Как-то я был на рыбоводном заводе в Барабаше, где красную икру искусственно оплодотворяют, выращивают мальков и потом выпускают в реку.
– Мы их кормим, доводим до массы примерно полтора грамма каждый и выпускаем в реку. Кета спускается к морю, но через четыре года возвращается сюда, в родные места, – рассказывал директор, эталонный дальневосточник – кореец с русским именем-отчеством и украинской фамилией. – У них свой «глонасс» в голове…
Потом мы везли самок-икрянок в город, остерегаясь попасться патрулю. Теоретически нас могли наказать как браконьеров. Практически – по обочинам через каждый километр стояли хмурые пареньки с прозрачными пластиковыми баночками, просвечивающими оранжевым.
Погуляв в море, лосось возвращается на родину, как гастарбайтер с заработков (предки нынешних лососей были рыбами сугубо пресноводными, чем всё и объясняется; примерно как с нами, русскими, – мы были речными, а стали теперь и морскими). У лосося – пресное детство и пресная старость, но солёная зрелость. Речка, где он появился на свет и куда возвращается, чтобы выстрелить молоками и умереть сгорбившимся, подурневшим, измученным и израненным, – это роддом. В пресной колыбели можно рождаться и умирать, но жить нужно в море. «Смерть красных рыб» – написать бы такой роман.

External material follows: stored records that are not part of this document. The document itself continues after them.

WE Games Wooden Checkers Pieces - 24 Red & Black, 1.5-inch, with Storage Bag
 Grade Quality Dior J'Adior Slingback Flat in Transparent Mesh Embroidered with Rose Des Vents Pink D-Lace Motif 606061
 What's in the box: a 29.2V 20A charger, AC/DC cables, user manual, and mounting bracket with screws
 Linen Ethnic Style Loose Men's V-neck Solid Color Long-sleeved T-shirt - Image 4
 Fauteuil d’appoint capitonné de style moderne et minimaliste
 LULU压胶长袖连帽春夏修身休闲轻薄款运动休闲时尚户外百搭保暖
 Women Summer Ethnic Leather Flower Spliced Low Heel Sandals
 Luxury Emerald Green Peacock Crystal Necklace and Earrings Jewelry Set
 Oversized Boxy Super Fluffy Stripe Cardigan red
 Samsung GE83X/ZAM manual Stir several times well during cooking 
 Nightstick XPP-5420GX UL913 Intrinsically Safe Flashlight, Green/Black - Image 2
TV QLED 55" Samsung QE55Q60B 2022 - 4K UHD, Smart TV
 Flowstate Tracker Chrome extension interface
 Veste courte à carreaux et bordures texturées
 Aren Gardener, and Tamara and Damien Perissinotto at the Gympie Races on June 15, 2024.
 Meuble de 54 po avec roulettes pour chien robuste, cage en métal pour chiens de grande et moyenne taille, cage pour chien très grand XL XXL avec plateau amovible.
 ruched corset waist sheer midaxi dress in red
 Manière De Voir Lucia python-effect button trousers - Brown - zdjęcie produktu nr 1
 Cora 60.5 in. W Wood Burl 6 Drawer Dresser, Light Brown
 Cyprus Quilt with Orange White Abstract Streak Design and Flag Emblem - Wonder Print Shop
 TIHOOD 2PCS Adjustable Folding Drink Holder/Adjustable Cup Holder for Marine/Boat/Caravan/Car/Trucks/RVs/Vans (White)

«О быстроте хода и о тесноте можно бывает судить по поверхности реки, которая, кажется, кипит, вода принимает рыбий вкус, вёсла вязнут и, задевая за рыбу, подкидывают её. Все эти страдания, переживаемые рыбой в период любви, называются “кочеванием до смерти”, потому что ни одна из рыб не возвращается в океан, а все погибают в реках», – писал Чехов в своих сахалинских записках. Здесь же он цитирует Александра Миддендорфа – русского географа и ботаника, основоположника мерзлотоведения: «Неодолимые порывы эротического влечения до издыхания…; и такие идеалы в тупоумной влажно-холодной рыбе!» (И это задолго до Фрейда.)
Названия лососей выразительны, экзотично-грубоваты, обильны на ассоциации. Нерка, кижуч, горбуша, мальма, нельма, сима, кунджа, чавыча, кета… «Кета» у нанайцев значит просто «рыба». Впрочем, далеко не просто рыба. Это примерно то же, что «хлеб» по-русски. Рыба наша насущная. А для чукчей то же – морские звери. «Кит давал чукче всё», – писал Рытхэу[5], фамилия которого созвучна с именем чукотского кита – «ръэу».